Using the data below, print exactly the line with "2019 Dodge Caravan - Image 6", the line with "Miami-Dade mobile tire service technician", and every line between them, but none of the pictures.

Extracted data START

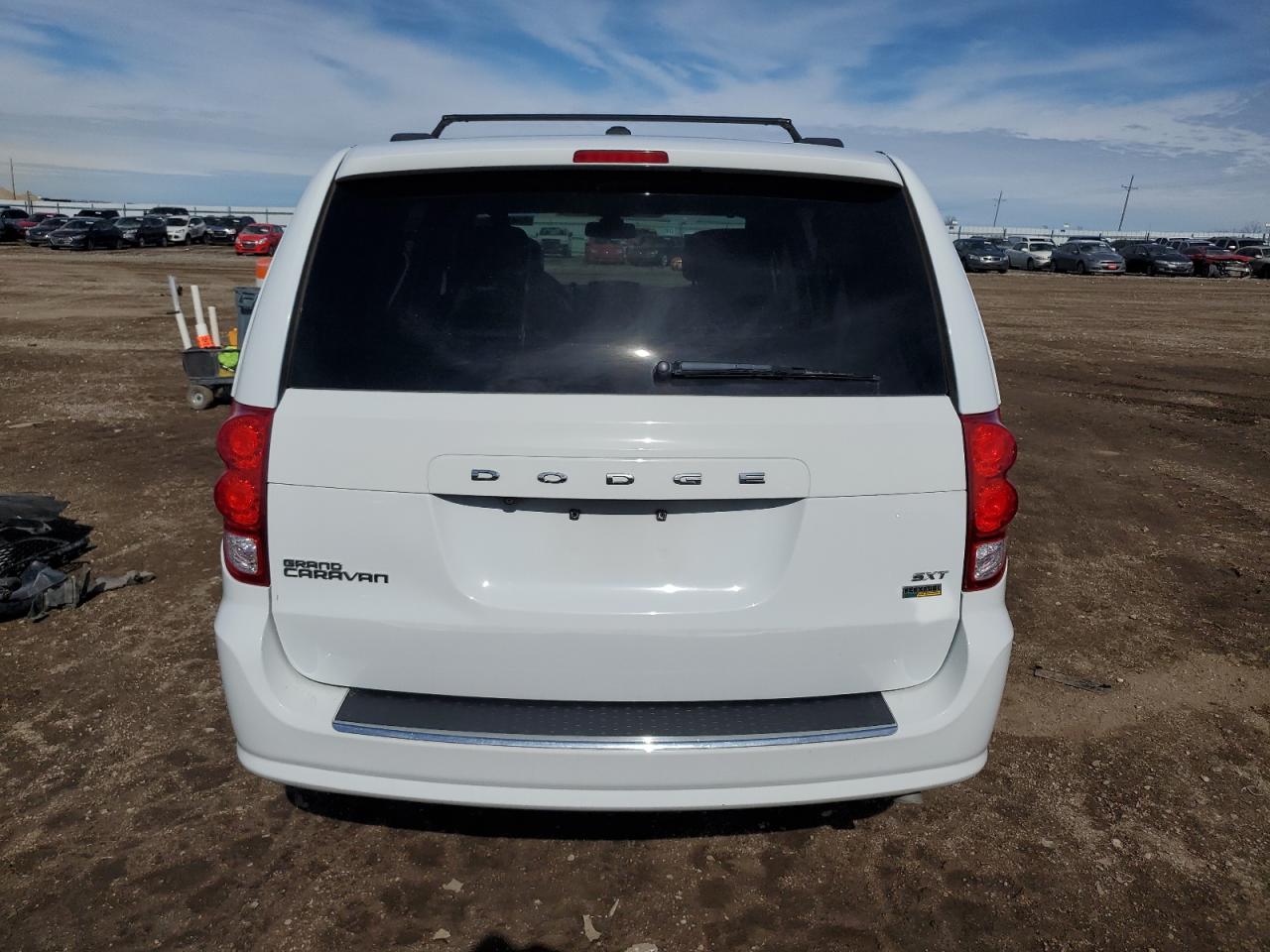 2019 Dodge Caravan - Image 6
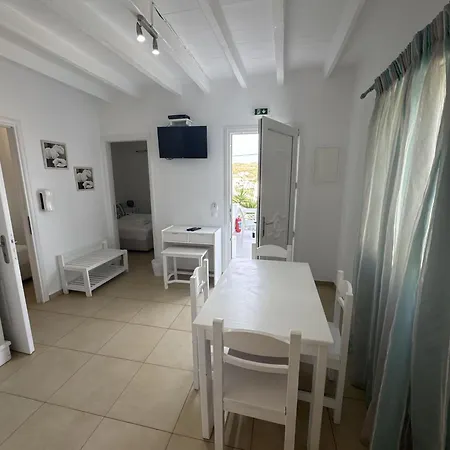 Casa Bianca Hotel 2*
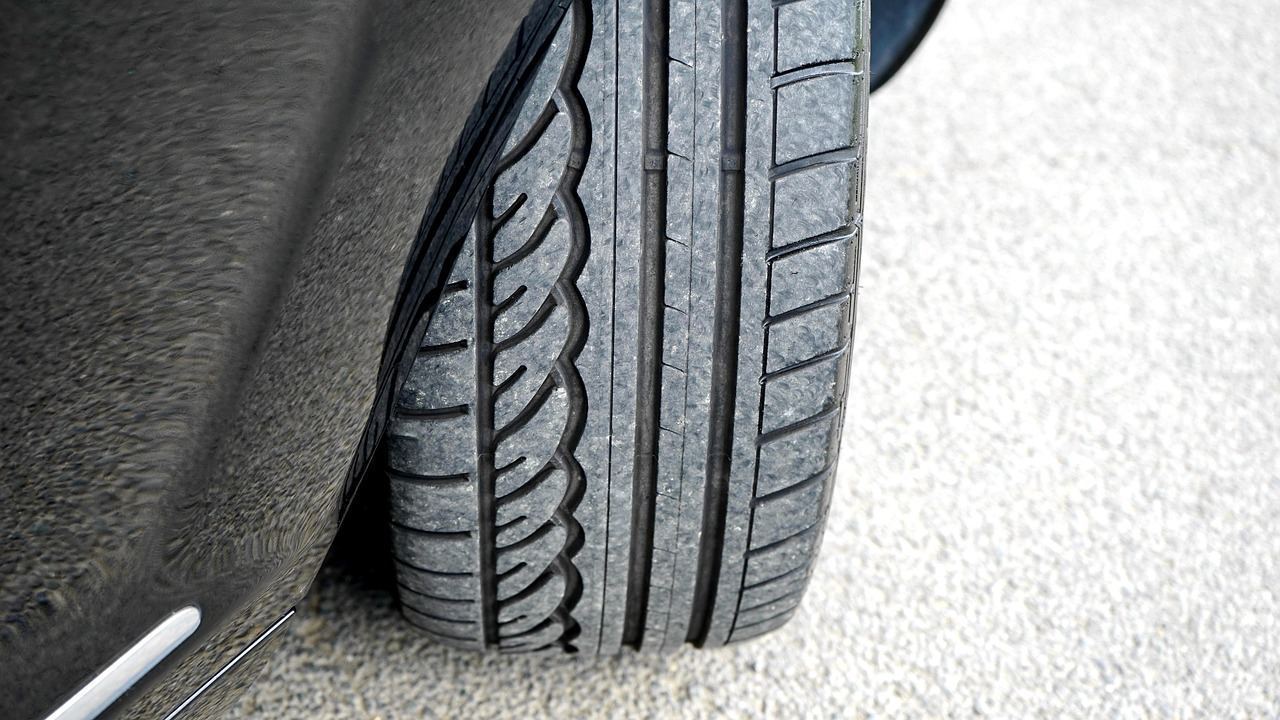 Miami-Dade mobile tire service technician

Extracted data END
Extracted data START

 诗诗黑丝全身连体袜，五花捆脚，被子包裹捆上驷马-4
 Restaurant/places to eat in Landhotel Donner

Extracted data END
Extracted data START

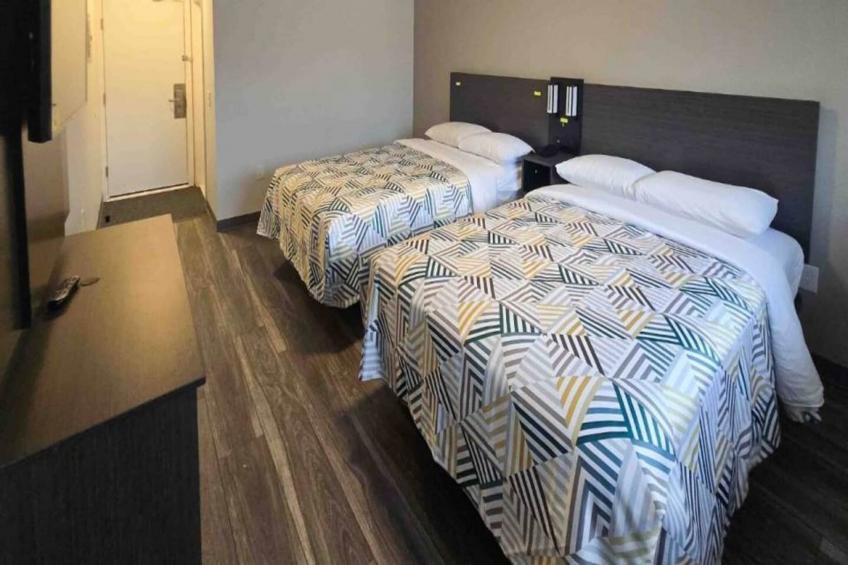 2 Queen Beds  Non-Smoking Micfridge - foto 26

Extracted data END

= Exercise output =
 2019 Dodge Caravan - Image 6
 Casa Bianca Hotel 2*
 Miami-Dade mobile tire service technician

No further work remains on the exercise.